There is a corkscrew.
I'm going to turn the corkscrew
as seen from your side, clockwise.
And you'll see that the corkscrew goes into the potato
in -- that's the direction, then, of the vector.
If we had B cross A, then you take B in your hands
and you rotate it over the shortest angle to A.
Now you have to rotate counterclockwise
and when you rotate counterclockwise
the corkscrew comes to you-- there you go--
and so the vector is now pointing in this direction.
And if the vector is pointing towards you
then we would indicate that with a circle and a dot.
In other words, for this vector
B cross A would have exactly the same magnitude--
no difference-- but it would be coming out of the blackboard.
In other words, A cross B equals minus B cross A
whereas A dot B is the same as B dot A.
We will encounter cross products when we deal with torques
and when we deal with angular momentum
which is not the easiest part of 801.
Let's take an extremely simple example.
Again, I don't mean to insult you with such a simple example
but you will get chances,
more advanced chances on your assignment.
Suppose I have the vector A is x roof.
It's a unit vector in the x direction.
That means A of x is one
and A of y is zero and A of z is zero.
And suppose B is y roof.
That means B of y is one
and B of x is zero and B of z is zero.
What, now, is the dot product, the cross product, A cross B?
Well, you can apply that recipe
but it's much easier to go
to the x, y, z axes that we have here.
A was in the x direction, the unit vector
and B in the y direction.
I take A in my hand, I rotate over the smallest angle
which is 90 degrees to y, and my corkscrew will go up.
So I know the whole thing already.
I know that this cross product must be z roof.
The magnitude must be one.
That's immediately clear.
But I immediately have the direction
by using the corkscrew rule.
Now if you're very smart
you may say, "Aha!
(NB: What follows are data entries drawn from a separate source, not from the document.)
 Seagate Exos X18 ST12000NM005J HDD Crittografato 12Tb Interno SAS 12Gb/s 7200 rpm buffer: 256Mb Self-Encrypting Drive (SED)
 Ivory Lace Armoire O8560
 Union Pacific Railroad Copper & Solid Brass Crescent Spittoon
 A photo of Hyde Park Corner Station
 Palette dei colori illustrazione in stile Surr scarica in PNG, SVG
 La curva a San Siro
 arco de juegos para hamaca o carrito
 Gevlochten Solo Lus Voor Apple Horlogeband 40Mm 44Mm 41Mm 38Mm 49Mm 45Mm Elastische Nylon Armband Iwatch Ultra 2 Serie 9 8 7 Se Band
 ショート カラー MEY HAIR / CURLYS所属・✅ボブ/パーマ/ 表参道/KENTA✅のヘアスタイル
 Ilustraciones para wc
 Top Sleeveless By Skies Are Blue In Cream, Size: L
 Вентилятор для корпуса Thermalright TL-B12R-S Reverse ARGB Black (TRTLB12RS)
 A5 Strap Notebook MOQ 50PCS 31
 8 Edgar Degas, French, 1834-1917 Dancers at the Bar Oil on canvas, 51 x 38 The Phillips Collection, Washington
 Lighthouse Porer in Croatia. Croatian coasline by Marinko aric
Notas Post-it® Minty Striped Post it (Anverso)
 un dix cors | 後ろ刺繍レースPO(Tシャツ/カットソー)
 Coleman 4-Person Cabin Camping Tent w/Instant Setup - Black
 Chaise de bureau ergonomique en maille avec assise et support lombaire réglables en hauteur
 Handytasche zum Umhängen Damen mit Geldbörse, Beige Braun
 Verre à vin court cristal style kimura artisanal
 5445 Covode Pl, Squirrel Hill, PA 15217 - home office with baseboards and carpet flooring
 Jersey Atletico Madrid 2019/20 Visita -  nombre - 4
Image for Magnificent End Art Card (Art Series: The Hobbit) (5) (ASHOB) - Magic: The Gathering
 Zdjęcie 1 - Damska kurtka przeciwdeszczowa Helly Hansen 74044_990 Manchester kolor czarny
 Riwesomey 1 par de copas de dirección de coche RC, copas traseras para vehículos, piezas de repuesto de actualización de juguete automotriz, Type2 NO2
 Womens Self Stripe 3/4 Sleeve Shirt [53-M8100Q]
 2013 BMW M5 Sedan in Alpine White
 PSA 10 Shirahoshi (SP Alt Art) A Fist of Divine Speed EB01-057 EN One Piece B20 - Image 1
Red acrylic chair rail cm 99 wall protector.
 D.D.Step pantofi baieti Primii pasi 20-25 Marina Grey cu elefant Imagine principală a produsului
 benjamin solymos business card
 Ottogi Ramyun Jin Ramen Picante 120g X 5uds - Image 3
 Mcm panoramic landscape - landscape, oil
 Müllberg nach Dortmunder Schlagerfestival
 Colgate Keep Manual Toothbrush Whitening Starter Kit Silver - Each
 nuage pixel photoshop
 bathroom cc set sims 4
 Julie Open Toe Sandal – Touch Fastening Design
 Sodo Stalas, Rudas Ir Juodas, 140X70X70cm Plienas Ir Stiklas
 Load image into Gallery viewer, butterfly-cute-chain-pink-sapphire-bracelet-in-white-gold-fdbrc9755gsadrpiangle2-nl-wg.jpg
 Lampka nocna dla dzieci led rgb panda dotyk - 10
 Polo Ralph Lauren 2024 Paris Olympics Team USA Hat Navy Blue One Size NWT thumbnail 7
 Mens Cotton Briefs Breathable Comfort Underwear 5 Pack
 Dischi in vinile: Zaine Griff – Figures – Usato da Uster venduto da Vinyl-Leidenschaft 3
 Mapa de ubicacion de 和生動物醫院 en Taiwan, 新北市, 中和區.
You find plus z
"only because you have used this coordinate system.
"If this axis had been x, and this one had been y
"then the cross product of x and y would be
in the minus z direction."
Yeah, you're right.
But if you ever do that, I WILL KILL YOU!
(class laughs)
You will always, always have to work
with what we call "a right- handed coordinate system."
And a right-handed coordinate system, by definition
is one whereby the cross product
of x with y is z and not y minus z.
So whenever you get, in the future, involved
with cross products and torques and angular momentum
always make yourself an xyz diagram
for which x cross y is z.
Never, ever make it such that x cross y is minus z.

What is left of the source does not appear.